With consumers busier than ever and worried about the economy and high unemployment, on-the-go foods like Pop-Tarts and Pringles potato snacks are proving popular because they are relatively inexpensive and easily portable foods.

President and CEO John Bryant said in a statement that the company is concentrating on growing its cereal and snacks businesses.

“The acquisition of the Pringles business takes us a long way toward achieving our goals and provides us with significant potential for future growth,” he said.

For the three months ended June 30, Kellogg earned $301 million, or 84 cents per share, down from $343 million, or 94 cents per share, a year earlier.

The current quarter’s results included 7 cents per share in costs related to the Pringles deal and a one-time benefit of 2 cents per share tied to the buyout of the snacks maker.

Revenue for the Battle Creek, Mich., company edged up 2 percent to $3.47 billion.

In North America, revenue increased 5.9 percent. Aside from rising sales of Pop-Tarts, Kellogg also reported higher cereal sales and strong growth in its Canadian and frozen foods businesses.

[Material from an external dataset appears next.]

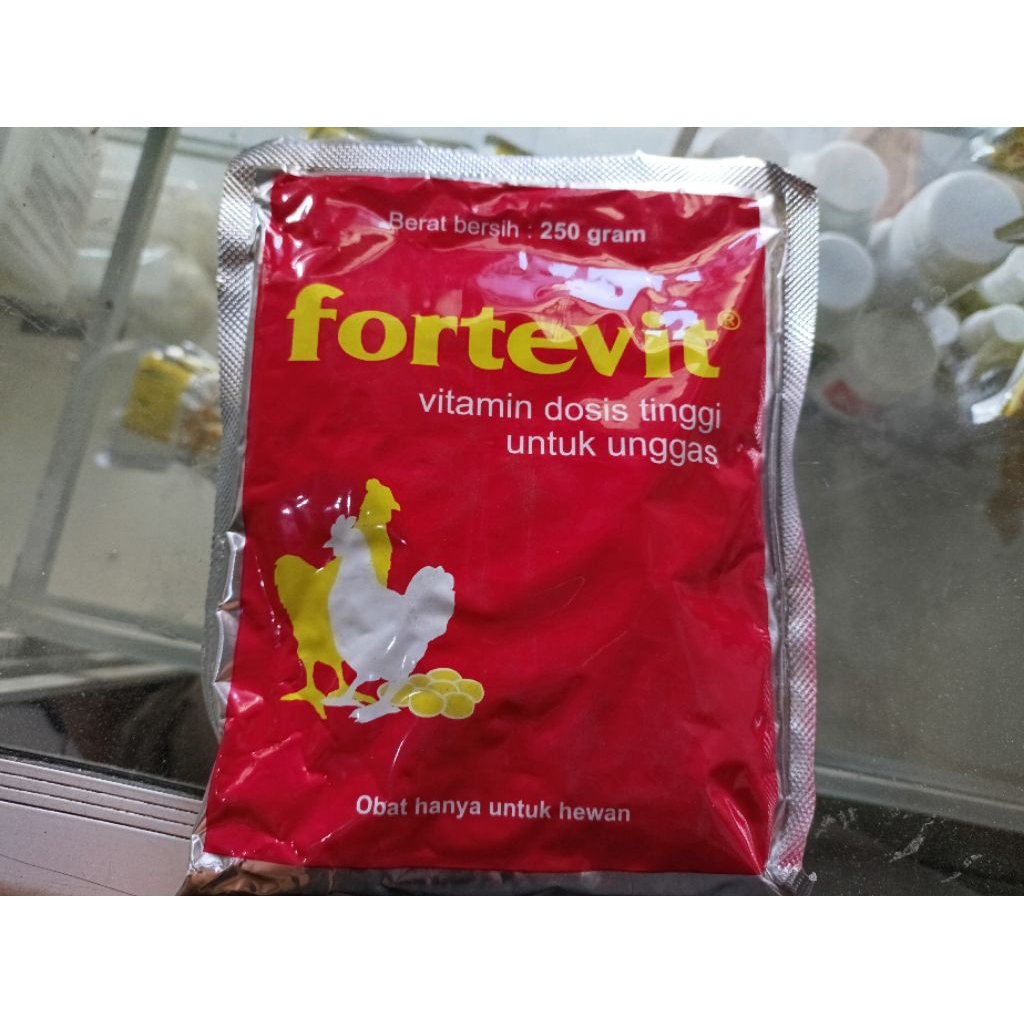 FORTEVIT 250GRAM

The U.S. morning foods and Kashi unit, snacks division and cookie, cracker and wholesome snack businesses also recorded sales gains.

Kellogg Co. currently gets most of its revenue from North America, but is looking to expand its international business. Pringles will be a key component of that effort, as the brand is sold in more than 140 countries and gets two-thirds of its revenue from overseas.

But international sales fell 3.8 percent in the quarter, with European sales declining 3.6 percent. The company said that Asia Pacific sales dropped on softness in Australia, while Latin American sales climbed 6.8 percent.

Kellogg reaffirmed its full-year earnings outlook of $3.18 to $3.30 per share, which includes the anticipated effect of the Pringles buyout.